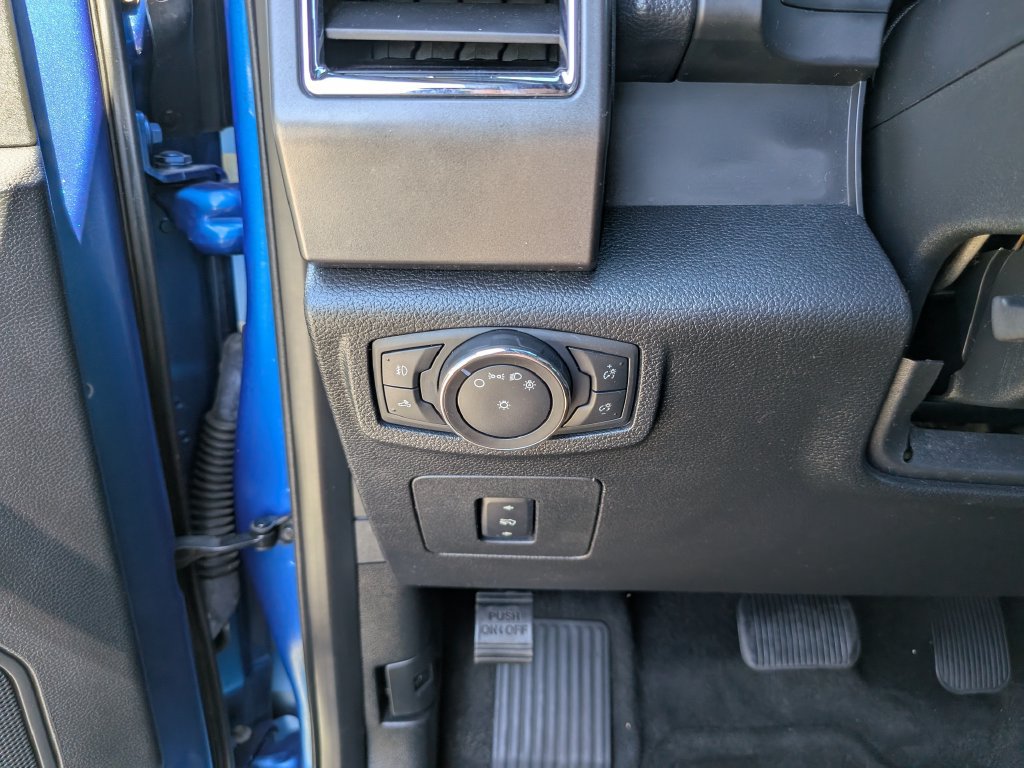 Used 2016 Ford F150 XLT w/ Equipment Group 302A Luxury AWD/4WD image 28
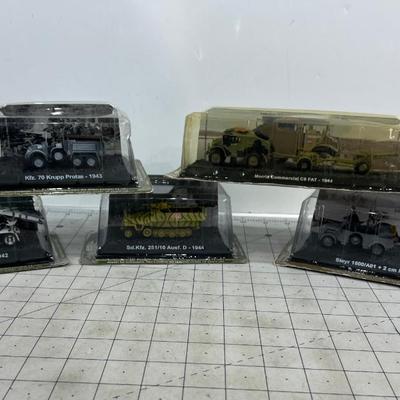 (5) Looks Like HO Scale Military Vehicles ARMORED Carriers WWII Era 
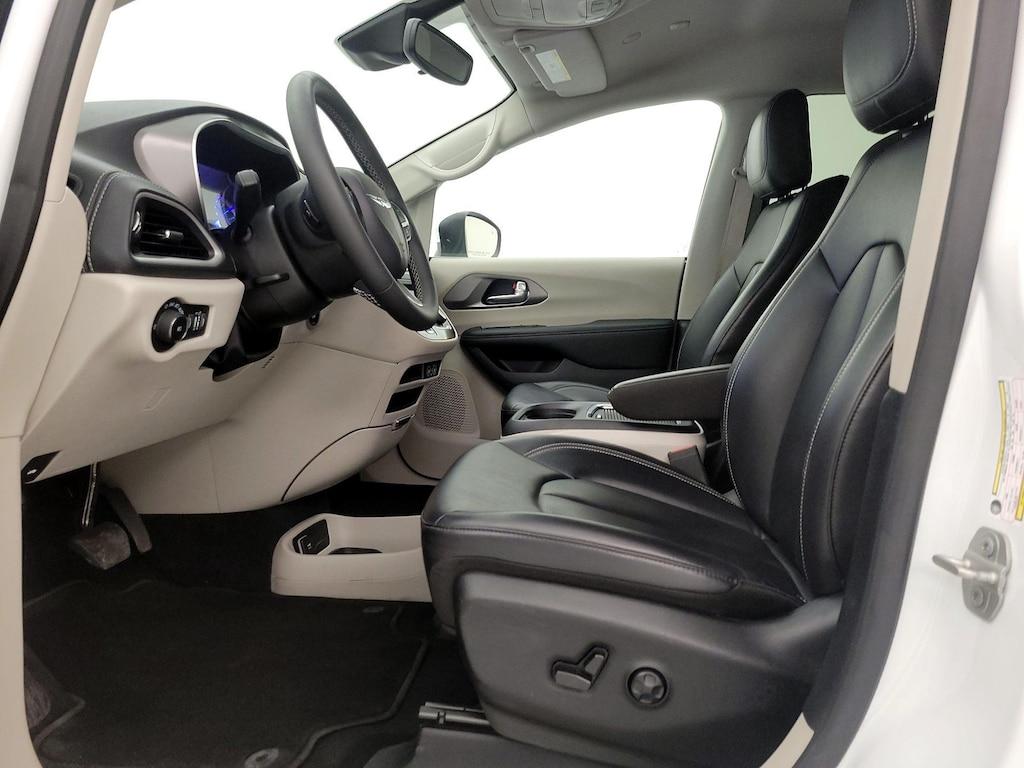 used 2023 Chrysler Pacifica Hybrid car, priced at $28,998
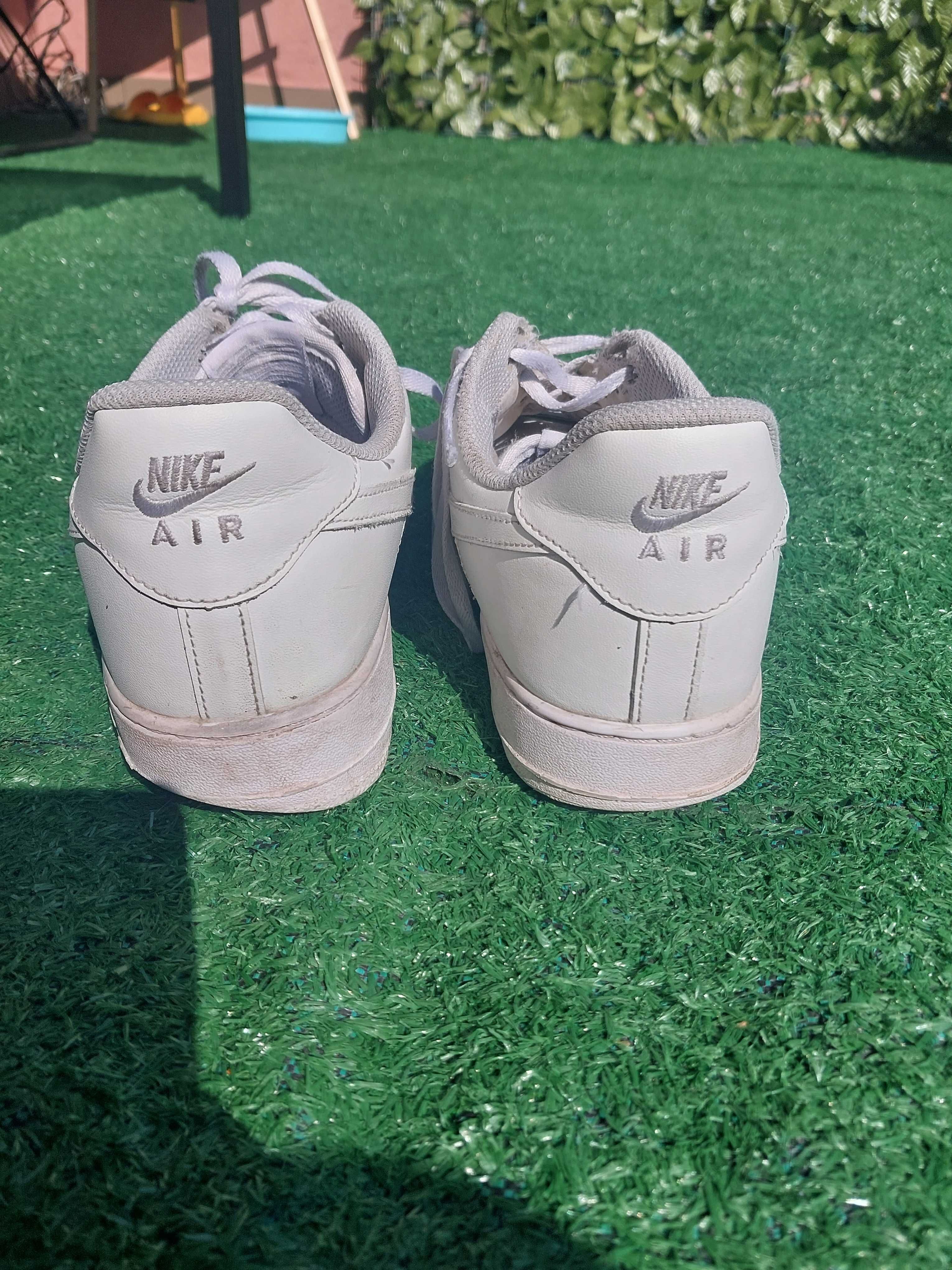 Białe sneakersy air force 44,5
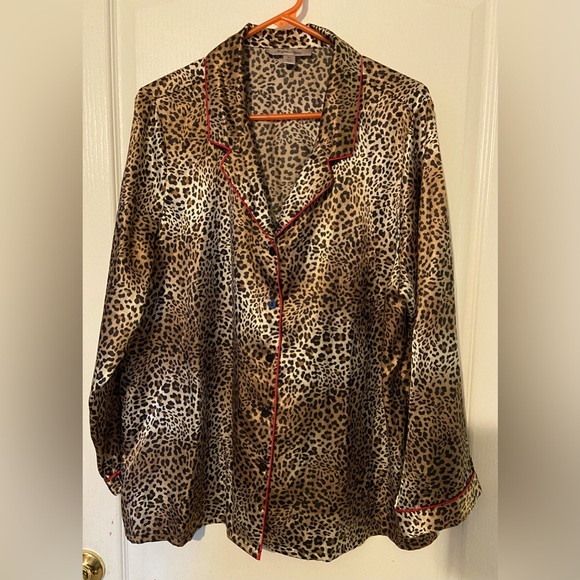 Morgan Taylor Intimates Leopard Silky Button Up - Picture 1 of 6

• **PROBLEM DESCRIPTION**: Transcribe the listing above in full and exactly; no pictures belong in the copy.

• **EXERCISE RESPONSE**:
 Used 2016 Ford F150 XLT w/ Equipment Group 302A Luxury AWD/4WD image 28
 (5) Looks Like HO Scale Military Vehicles ARMORED Carriers WWII Era 
 used 2023 Chrysler Pacifica Hybrid car, priced at $28,998
 Białe sneakersy air force 44,5
 Morgan Taylor Intimates Leopard Silky Button Up - Picture 1 of 6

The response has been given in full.